What types of trials are currently open
- Antifibrotic drug trials — Testing new drugs and combinations that slow or halt progressive lung scarring.
- Biomarker trials — Identifying blood and imaging markers to predict disease progression and guide treatment decisions.
- Oxygen and rehabilitation trials — Studying pulmonary rehabilitation and supplemental oxygen timing to improve quality of life.
- Lung transplant trials — Improving outcomes before and after lung transplantation in IPF patients.
- Stem cell trials — Early-phase studies testing whether cell-based therapies can reduce fibrosis.
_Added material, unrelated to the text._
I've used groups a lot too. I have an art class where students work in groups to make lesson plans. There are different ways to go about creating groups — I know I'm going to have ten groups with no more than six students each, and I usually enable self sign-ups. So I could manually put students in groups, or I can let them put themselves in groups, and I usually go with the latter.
Recently added Idiopathic Pulmonary Fibrosis trials
Advanced Imaging to Assess the Effect of Immunosuppression on Progressive Fibrosis
The purpose of this study is to investigate how immunosuppression treatment affects measurements of active collagen deposition using \[68Ga\]CBP8 positron emission tomography (PET) and tissue injury using dynamic contrast-enhanced magnetic resonance imaging (DCE-MRI) in individuals with non-idiopathic pulmonary fibrosis interstitial lung disease (non-IPF ILD).
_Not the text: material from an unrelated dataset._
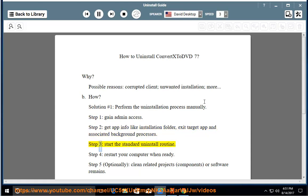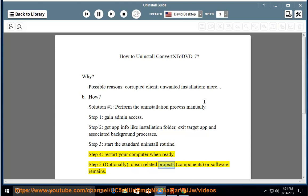Step 3, start the standard uninstall routine. Step 4, restart your computer when ready. Step 5, optionally clean related projects.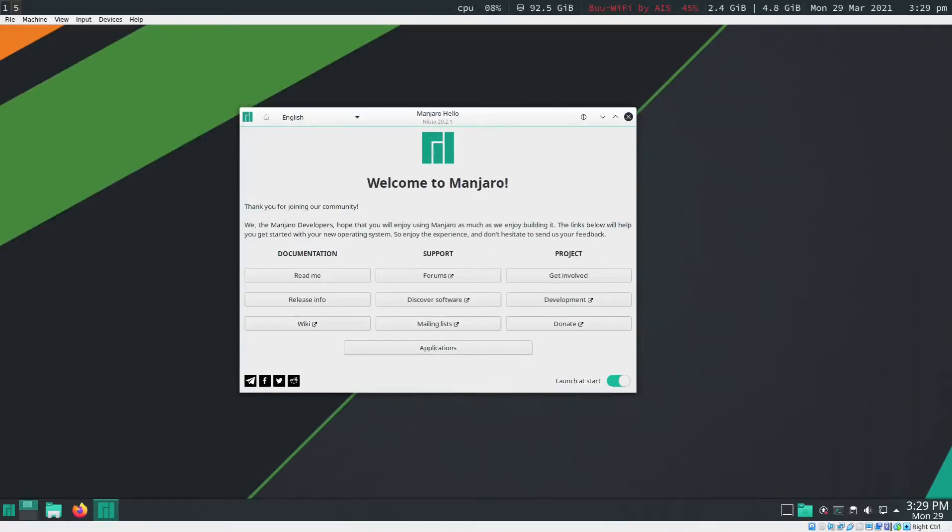Alright, today I'm going to update the system of my Manjaro KDE. I want you to see this.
Optimizing the Follow-Up Journey in Interstitial Lung Disease: The OPTIMIZE-ILD-2 Trial
The OPTIMIZE-ILD-2 trial is a prospective, randomized, open-label clinical trial designed to evaluate the impact of a coordinated follow-up pathway on patients with established interstitial lung disease (ILD). In routine clinical practice, follow-up workflows for ILD are frequently fragmented, requiring multiple hospital visits for pulmonary function tests, laboratory analysis, treatment administration, and consultations with various specialists, which increases the burden for both patients and caregivers. This study compares the standard follow-up care against an optimized circuit where all routine monitoring procedures and interdisciplinary consultations are pre-bundled and scheduled within a single, coordinated hospital visit. All eligible patients under active ILD follow-up are included consecutively to ensure a pragmatic, real-world representation of the treated ILD population. The primary objective is to measure the total follow-up time burden, defined as the total home-to-home time required to complete the follow-up circuit. As a cross-sectional assessment within a longitudinal context, secondary objectives include assessing socioeconomic cost-burden, the environmental carbon footprint of the follow-up journey, health-related quality of life, and clinical frailty. Caregiver-related outcomes, including burden and experience measures, are contingent upon the presence of a primary caregiver and the provision of their independent informed consent. The design of this protocol was informed by a patient focus group and is officially endorsed by the 'AIRE' Associació Catalana de Malalts i Trasplantats Pulmonars, ensuring a patient-centered approach that prioritizes follow-up efficiency and human impact.